» **YOUR INSTRUCTIONS**: Would you copy exactly the lines in the data below from the one that has "Zinnia, White Quilted Short Dress" through the one that has "Erosebridal Rooster Twin", dropping any pictures?

» **PROVIDED DATA**:

______________________________

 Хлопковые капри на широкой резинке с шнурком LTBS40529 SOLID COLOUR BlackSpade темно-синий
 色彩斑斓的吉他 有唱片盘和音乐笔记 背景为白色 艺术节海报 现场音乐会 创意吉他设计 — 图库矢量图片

______________________________

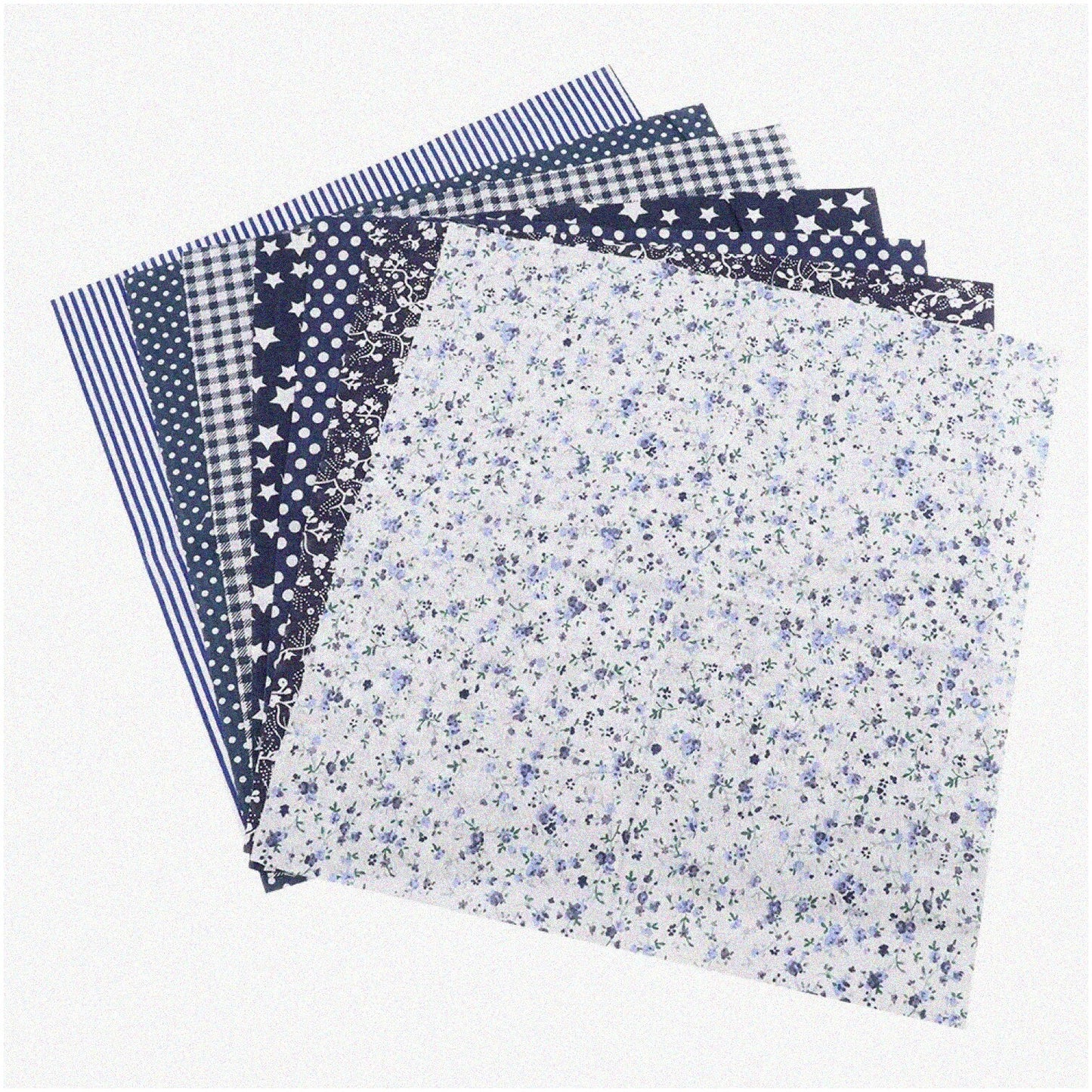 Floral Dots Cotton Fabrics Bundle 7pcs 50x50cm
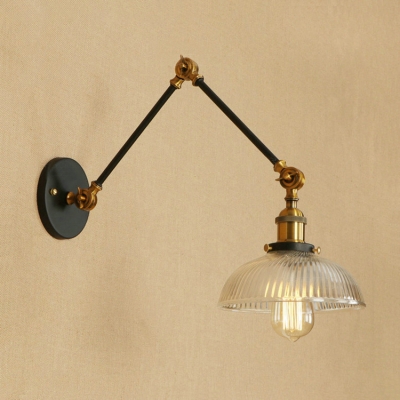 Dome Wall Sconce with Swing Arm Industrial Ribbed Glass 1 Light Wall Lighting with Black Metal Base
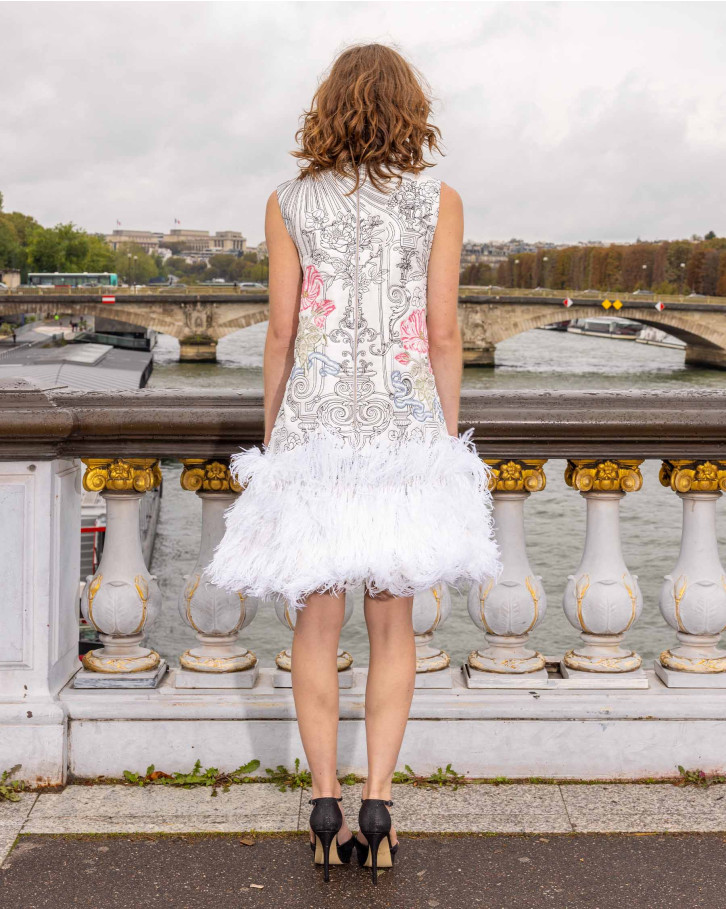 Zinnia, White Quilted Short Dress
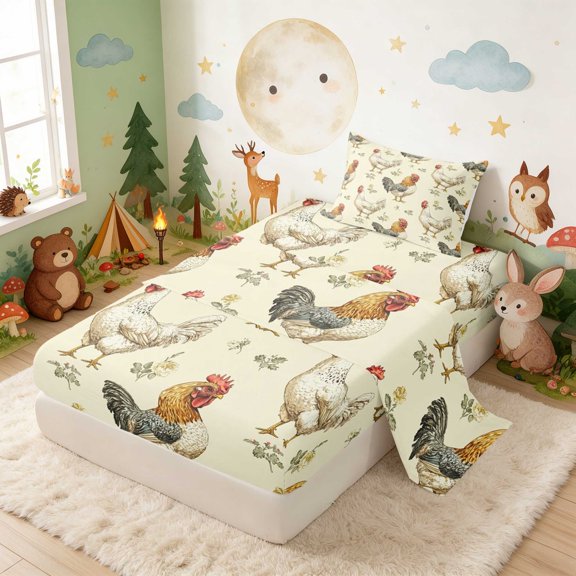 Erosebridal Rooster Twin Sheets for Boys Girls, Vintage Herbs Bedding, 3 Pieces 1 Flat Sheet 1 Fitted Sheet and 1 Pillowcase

______________________________

» **WRITTEN RESPONSE**:
 Zinnia, White Quilted Short Dress
 Erosebridal Rooster Twin Sheets for Boys Girls, Vintage Herbs Bedding, 3 Pieces 1 Flat Sheet 1 Fitted Sheet and 1 Pillowcase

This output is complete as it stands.